EXHIBIT 99.2
For Immediate Release:
Steinway Announces Share Repurchase Program
WALTHAM, MA - May 19, 2008 - Steinway Musical Instruments, Inc. (NYSE:LVB) today announced its Board of Directors has authorized management to make discretionary repurchases of its ordinary common stock up to a limit of $25 million. The share repurchases would be made with corporate funds from time to time in the open market, in privately negotiated transactions or pursuant to a Rule 10b5-1 plan adopted by the Company. The timing, price and volume of repurchases will be based on market conditions, relevant securities laws (including Rule 10b-18) and other factors. The shares purchased would be held as treasury shares to be used for corporate purposes.

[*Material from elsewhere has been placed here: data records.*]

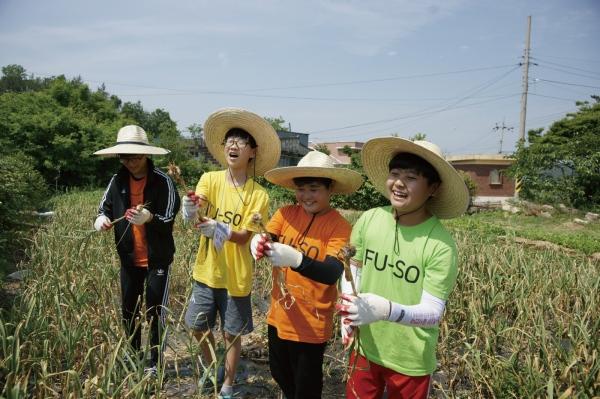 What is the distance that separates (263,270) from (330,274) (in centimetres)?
242

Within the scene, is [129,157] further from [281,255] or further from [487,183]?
[487,183]

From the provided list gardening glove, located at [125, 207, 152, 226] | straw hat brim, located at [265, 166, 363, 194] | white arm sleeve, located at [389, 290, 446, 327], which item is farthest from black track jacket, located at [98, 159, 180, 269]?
white arm sleeve, located at [389, 290, 446, 327]

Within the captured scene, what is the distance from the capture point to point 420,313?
53.1 inches

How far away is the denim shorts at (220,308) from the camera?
2.15 meters

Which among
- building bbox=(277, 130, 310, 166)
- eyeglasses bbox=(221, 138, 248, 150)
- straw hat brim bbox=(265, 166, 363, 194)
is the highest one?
building bbox=(277, 130, 310, 166)

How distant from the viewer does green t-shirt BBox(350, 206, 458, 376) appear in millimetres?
1435

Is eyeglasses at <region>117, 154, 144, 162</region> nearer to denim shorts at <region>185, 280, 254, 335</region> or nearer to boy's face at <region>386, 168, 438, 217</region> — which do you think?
denim shorts at <region>185, 280, 254, 335</region>

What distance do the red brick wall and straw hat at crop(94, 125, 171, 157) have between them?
1103 inches

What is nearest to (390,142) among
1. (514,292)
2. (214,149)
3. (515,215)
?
(214,149)

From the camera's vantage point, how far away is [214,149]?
2547 mm

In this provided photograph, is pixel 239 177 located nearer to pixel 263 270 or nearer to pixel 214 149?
pixel 214 149

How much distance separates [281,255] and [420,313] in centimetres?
54

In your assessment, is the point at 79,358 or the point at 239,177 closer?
the point at 79,358

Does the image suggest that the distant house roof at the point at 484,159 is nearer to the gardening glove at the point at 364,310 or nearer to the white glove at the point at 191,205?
the white glove at the point at 191,205
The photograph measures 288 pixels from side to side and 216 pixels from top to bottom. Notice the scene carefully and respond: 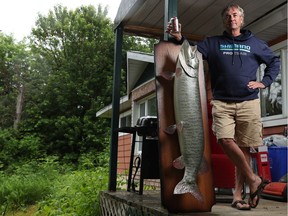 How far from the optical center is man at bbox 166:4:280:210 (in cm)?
Result: 250

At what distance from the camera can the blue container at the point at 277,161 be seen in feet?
13.4

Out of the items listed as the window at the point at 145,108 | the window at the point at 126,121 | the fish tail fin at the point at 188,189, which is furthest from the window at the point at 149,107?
the fish tail fin at the point at 188,189

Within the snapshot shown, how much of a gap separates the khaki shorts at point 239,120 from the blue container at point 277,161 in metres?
1.70

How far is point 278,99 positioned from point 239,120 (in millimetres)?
2750

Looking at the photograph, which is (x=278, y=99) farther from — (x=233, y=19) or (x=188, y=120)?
(x=188, y=120)

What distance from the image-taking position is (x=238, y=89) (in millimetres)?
2533

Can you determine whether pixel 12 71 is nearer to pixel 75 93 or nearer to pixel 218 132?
pixel 75 93

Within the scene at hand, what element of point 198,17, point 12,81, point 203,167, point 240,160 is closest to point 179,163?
point 203,167

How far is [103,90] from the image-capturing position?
20.3 metres

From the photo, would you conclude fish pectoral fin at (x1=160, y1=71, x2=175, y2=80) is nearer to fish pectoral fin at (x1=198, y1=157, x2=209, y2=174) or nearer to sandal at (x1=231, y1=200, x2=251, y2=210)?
fish pectoral fin at (x1=198, y1=157, x2=209, y2=174)

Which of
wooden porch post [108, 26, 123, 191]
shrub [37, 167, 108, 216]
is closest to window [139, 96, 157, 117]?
shrub [37, 167, 108, 216]

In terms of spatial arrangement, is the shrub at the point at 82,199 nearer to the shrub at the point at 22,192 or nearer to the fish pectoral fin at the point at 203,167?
the shrub at the point at 22,192

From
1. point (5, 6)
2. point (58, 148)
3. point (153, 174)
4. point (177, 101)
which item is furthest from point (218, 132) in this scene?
point (5, 6)

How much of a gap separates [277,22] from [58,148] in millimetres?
16304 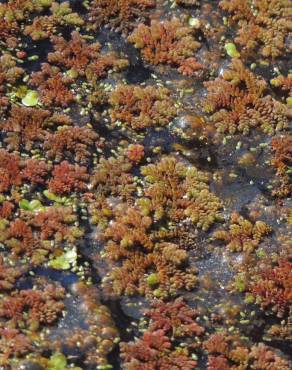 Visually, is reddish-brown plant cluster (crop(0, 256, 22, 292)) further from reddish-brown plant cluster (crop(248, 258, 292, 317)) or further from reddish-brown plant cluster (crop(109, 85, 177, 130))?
reddish-brown plant cluster (crop(248, 258, 292, 317))

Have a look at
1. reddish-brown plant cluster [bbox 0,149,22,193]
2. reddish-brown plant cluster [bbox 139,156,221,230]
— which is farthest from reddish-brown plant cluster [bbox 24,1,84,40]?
reddish-brown plant cluster [bbox 139,156,221,230]

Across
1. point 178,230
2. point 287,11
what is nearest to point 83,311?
point 178,230

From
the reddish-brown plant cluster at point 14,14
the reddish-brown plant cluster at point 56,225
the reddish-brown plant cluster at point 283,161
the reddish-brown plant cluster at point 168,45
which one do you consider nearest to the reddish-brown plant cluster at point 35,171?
the reddish-brown plant cluster at point 56,225

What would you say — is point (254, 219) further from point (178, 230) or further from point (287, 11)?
point (287, 11)

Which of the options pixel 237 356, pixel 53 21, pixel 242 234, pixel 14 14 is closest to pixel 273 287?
pixel 242 234

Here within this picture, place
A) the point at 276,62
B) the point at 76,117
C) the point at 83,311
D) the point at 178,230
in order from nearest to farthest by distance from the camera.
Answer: the point at 83,311
the point at 178,230
the point at 76,117
the point at 276,62

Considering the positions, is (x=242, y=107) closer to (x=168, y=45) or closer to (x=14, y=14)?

About Steinway Musical Instruments
Steinway Musical Instruments, Inc., through its Steinway and Conn-Selmer divisions, is one of the world’s leading manufacturers of musical instruments. Its notable products include Bach Stradivarius trumpets, Selmer Paris saxophones, C.G. Conn French horns, Leblanc clarinets, King trombones, Ludwig snare drums and Steinway & Sons pianos. Through its online music retailer, ArkivMusic, the Company also distributes classical music recordings.
“Safe Harbor” Statement Under the Private Securities Litigation Reform Act of 1995
This release contains “forward-looking statements” which represent the Company’s present expectations or beliefs concerning future events. The Company cautions that such statements are necessarily based on certain assumptions which are subject to risks and uncertainties which could cause actual results to differ materially from those indicated in this release. These risk factors include the following: changes in general economic conditions; recent geopolitical events; increased competition; work stoppages and slowdowns; impact of dealer consolidations on orders; ability of new workers to meet desired production levels; exchange rate fluctuations; variations in the mix of products sold; market acceptance of new product and distribution strategies; ability of suppliers to meet demand; concentration of credit risk; fluctuations in effective tax rates resulting from shifts in sources of income; and the ability to successfully integrate and operate acquired businesses. Further information on these risk factors is included in the Company’s filings with the Securities and Exchange Commission.